The Sidbury Barrel: A Fifteenth Century Barrel Latrine from Worcester

Sidbury Barrel during reconstruction

This fifteenth century barrel latrine was excavated in Sidbury in the 1970s during the construction of City Walls Road.

Museum staff excavating the barrel in the 1970s

The barrel had been sunk into a pit in a city backyard and used as the base of a latrine.The seeds, insects and parasite eggs that were discovered within it provide a valuable insight into life in medieval Worcester. Much of the material within the barrel must have survived digestion but it is likely that some kitchen scraps and environmental remains are also represented.

Twenty edible plants were identified including fruit such as gooseberry, apple, pear, bilberry and strawberry, and fig and grape which may have been imported. Evidence of herbs were also found such as chervil, coriander and fennel along with other foods like broad beans and bran. The bones of chicken, eel and herring were probably thrown into the latrine as scraps, perhaps along with the stones of damsons and sloes. From the local environment of the time were found, seeds and pollen representing the presence of straw, hay and sedge. Weld and linseed used in the clothing industry were also found along with a sample of cloth.

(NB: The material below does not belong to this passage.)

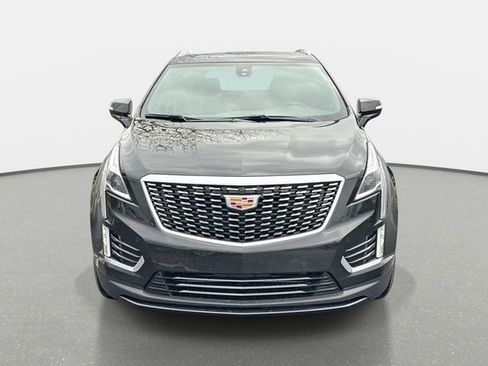 New 2025 Cadillac XT5 Luxury image 8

The wooden staves of the barrel were conserved and reconstructed with great care following its excavation by the staff of Worcester City Museums Service. The barrel has been in the museum store for a number of years. In 2010, the barrel was cleaned and placed in a new purpose-built display case. Since mid 2010 it has been on display at The Commandery, Worcester as part of the ‘Echoes of Old Sidbury’ exhibition and, more recently, the ‘Wicked Worcester’ exhibition which runs until 30th January 2011. It is hoped that the barrel will remain on display beyond the end of the exhibition.